I suspect most car makers are actually pretty good, as well. Same problems with any bush-league online merchant apply, of course – financial details stored using less-than-best-practice.
@jmcrookston @dangillmor although, the whole "safety-critical event" thing makes me wonder – suppose you're speeding in an accident; will that be subpoenaed?
But I guess they could probably even subpoena your cell records to get that, so I suppose that ship has sailed.
Well it's the last on the list, is all I was pointing out.
But to answer, the problem is who knows. Have to know what they do, and I think Mozilla's point writ large is who knows.

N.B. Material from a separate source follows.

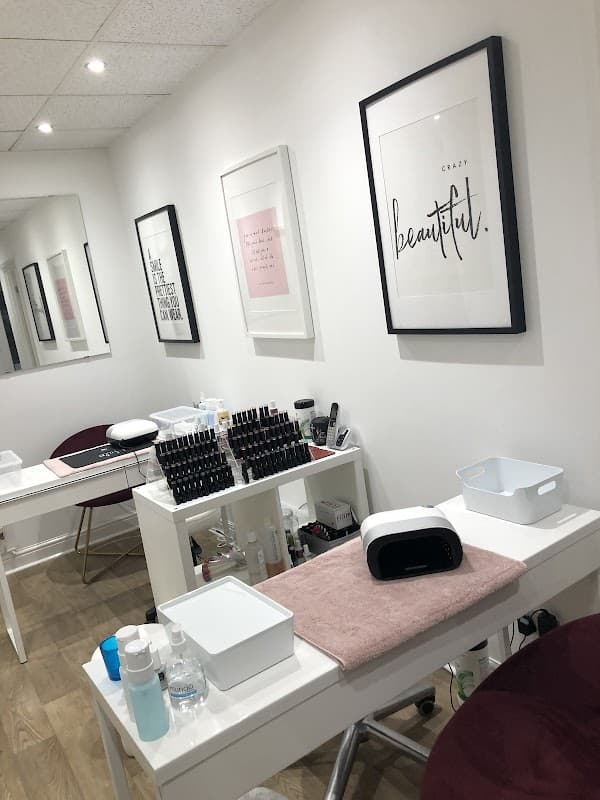 Bloom Beauty Therapy - Beauty Salons in killingbeck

That's probably bad drafting for quite a bit of it. I remember more than one kerfuffle where a social media platform was called out for an irrevocable worldwide licence to reproduce your copyrighted works. Well, of course. Because they need to show your pictures.
But we never really know ...
@jmcrookston @dangillmor Well, they do send data off the car for "safety-critical events"
They say about Tesla:
* good that they don't sell data to 3rd parties (but you can opt-in, and maybe that is confusing)

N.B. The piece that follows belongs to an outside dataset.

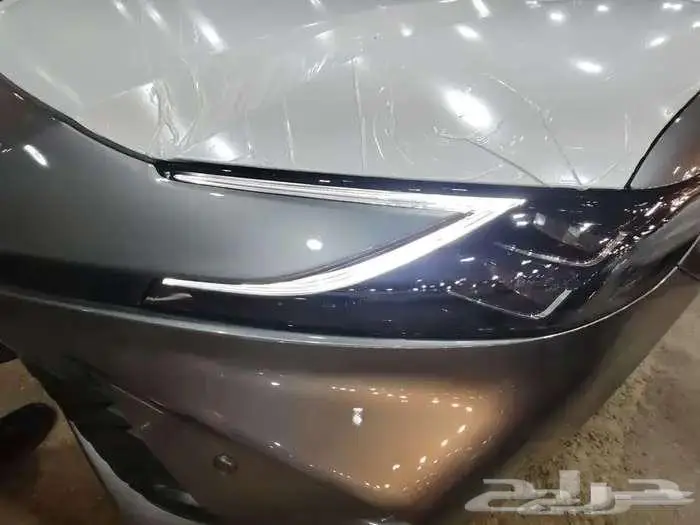 كامري LE موديل 2025 بنزين حبه فقط لون تيتانيوم 15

* reminder of the scandal regarding employees sharing pictures from the cameras
* privacy policy is somewhat vague in some areas (sharing with law enforcement, and so on)
* if you opt-out of all data sharing, you don't get software updates/etc because they cut all connectivity, so that is stupid
I think those are the highlights.
my note: the picture sharing scandal implies super-poor internal processes for handling customer data, which is unfortunately far too common for low-end tech firms. (I've worked in several, and it is quite shocking.)